Monday, April 14, 2014


The approach broker / dealers adopted early on in the development of application technology was to develop product-centric systems. For example a, equity system fro equities, a government systems for Treasury and a MBS system for mortgage backed securities. As a result, today firm have multiple processing platforms, each supporting specific products. The driver behind this approach was to create a template system that could be cloned to support other product systems. For example if the base fixed income system was the Treasury bond system, it could be used as the foundation for corporate and municipal bonds. Extraneous or unneeded functionality would be stripped while new functionality unique to corporate and municipal bonds would be added. This allowed firms to avoid "reinventing the wheel" each time they introduced a new product and sped up the process as well.

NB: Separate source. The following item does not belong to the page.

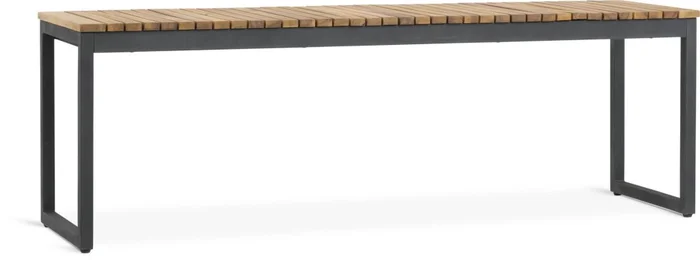 Banco jardín UGILT A130xP35 madera dura en Madera natural - Muebles para el exterior, Uruguay | JYSK
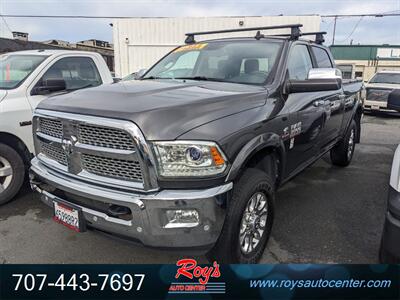 2018 RAM 3500 Laramie  4WD - Photo 2 - Eureka, CA 95501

The outcomes were many similar, but different processing systems, each requiring expertise, maintenance and support. For example some products settled one day after trade date, others five days after trade date while mortgage backed securities can settle up to six month after trade date. Differences were pervasive throughout the trade life-cycle as well as in reference data, trade entry, and asset servicing and reporting. This required systems developers and maintenance staff to have current and relevant expertise and knowledge of each product and the related processing functions. The bottom line is that this resulted in increased information technology costs and often delayed new functionality and updates to be applied, even today.

Firms are still struggling to find an approach to address this challenge.  In the past 30+ years have seen many innovations in database design, programming languages and other advances that can provide benefits to financial services firms processing systems. But first they must reduce the number of product-centric systems to facilitate an efficient future environment. There are various alternatives; one is to build a new multi-product system to replace the product-centric systems. But the alternatives require a major effort in cost and resources. And have to be done in the current environment of keeping costs down.

         What is your opinion about this?

          Does this cause firms to less competitive?
                                Are there other viable approaches available?